Short descriptive text snippets:

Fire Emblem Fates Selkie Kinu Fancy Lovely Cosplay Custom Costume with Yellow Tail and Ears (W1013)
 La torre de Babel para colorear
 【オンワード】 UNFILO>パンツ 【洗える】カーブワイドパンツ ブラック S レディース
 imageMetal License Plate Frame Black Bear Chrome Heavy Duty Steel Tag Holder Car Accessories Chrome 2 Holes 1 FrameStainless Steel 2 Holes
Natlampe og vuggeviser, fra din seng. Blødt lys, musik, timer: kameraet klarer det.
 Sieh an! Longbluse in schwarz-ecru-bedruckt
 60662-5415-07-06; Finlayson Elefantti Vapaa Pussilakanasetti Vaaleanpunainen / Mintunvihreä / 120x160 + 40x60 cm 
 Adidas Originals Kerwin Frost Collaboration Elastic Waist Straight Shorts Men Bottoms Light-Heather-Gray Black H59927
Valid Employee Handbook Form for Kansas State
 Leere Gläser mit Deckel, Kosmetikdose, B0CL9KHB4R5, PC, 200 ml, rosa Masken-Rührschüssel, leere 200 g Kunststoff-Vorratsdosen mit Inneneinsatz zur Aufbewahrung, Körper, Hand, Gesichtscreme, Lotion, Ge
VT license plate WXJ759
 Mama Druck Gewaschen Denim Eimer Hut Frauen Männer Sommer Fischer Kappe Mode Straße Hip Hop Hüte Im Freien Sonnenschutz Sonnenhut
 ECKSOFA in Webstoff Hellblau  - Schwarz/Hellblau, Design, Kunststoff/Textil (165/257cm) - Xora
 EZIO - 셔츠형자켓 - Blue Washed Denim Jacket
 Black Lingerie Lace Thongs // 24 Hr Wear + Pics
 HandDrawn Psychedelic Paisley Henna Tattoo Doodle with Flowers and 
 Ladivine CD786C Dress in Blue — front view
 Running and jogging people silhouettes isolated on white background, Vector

Work instructions: Identify the lines in the entries that hold "Denim" and return each one.

Written response:
 Mama Druck Gewaschen Denim Eimer Hut Frauen Männer Sommer Fischer Kappe Mode Straße Hip Hop Hüte Im Freien Sonnenschutz Sonnenhut
 EZIO - 셔츠형자켓 - Blue Washed Denim Jacket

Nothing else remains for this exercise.